_Instructions to follow_
When a line in the material contains the word "Chevrolet", copy it.
━━━━━━━━━━━━━━━━━━━━
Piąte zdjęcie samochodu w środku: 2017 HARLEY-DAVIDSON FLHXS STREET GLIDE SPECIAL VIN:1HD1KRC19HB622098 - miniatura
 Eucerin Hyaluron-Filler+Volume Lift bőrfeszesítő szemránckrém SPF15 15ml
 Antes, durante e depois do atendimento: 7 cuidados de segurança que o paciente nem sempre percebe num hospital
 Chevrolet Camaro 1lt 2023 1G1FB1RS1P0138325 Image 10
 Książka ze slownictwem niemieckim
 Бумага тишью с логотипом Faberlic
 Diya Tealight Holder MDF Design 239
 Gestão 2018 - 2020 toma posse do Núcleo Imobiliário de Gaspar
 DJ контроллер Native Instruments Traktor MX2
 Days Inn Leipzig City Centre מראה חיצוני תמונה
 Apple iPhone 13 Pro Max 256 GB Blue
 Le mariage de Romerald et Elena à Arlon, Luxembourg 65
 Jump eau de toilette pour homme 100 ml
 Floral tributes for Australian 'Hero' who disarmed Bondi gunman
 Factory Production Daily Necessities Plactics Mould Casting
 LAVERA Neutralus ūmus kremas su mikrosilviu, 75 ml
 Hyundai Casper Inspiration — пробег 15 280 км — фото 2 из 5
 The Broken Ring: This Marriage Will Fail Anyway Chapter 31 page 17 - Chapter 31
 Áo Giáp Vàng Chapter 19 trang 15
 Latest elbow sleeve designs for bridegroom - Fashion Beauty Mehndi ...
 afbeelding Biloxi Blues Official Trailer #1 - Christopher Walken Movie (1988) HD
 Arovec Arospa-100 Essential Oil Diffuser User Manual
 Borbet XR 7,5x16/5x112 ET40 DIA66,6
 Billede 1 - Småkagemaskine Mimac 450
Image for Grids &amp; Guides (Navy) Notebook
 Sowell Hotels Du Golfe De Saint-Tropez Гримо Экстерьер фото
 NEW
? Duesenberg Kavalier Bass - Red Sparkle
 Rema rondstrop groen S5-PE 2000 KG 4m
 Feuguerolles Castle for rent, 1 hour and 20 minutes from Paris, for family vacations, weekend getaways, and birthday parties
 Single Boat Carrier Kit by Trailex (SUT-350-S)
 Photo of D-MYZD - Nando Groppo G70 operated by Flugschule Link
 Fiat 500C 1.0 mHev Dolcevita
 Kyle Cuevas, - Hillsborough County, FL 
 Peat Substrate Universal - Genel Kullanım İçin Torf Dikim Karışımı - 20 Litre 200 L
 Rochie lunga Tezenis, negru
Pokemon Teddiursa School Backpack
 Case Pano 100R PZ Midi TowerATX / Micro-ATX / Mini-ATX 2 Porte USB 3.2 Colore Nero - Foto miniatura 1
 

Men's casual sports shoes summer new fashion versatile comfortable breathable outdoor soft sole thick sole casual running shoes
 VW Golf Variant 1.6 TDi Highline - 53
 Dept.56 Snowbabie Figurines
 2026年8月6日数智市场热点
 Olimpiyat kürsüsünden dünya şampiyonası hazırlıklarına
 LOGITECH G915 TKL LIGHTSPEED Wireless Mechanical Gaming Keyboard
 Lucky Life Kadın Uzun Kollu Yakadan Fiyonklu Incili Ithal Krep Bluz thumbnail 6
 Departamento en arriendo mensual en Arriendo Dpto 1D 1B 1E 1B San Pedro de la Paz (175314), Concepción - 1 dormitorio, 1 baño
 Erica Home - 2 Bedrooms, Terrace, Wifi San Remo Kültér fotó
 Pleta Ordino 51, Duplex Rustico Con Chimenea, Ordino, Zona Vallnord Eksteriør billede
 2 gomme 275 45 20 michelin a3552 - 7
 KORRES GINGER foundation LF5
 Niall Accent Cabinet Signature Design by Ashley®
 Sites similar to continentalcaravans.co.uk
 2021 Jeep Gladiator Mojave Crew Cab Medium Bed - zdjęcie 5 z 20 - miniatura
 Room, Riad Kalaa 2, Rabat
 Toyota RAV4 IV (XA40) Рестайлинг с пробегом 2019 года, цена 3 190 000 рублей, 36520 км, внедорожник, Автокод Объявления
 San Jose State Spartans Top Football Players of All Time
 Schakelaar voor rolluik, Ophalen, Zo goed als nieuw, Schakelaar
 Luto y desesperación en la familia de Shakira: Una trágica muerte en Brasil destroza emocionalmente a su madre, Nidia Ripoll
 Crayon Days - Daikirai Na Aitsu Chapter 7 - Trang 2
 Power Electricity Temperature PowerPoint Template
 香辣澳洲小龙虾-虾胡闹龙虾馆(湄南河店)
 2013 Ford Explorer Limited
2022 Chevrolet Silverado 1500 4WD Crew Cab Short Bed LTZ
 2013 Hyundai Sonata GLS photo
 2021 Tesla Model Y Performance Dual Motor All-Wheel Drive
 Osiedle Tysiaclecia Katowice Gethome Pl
━━━━━━━━━━━━━━━━━━━━
_Written response_
 Chevrolet Camaro 1lt 2023 1G1FB1RS1P0138325 Image 10
2022 Chevrolet Silverado 1500 4WD Crew Cab Short Bed LTZ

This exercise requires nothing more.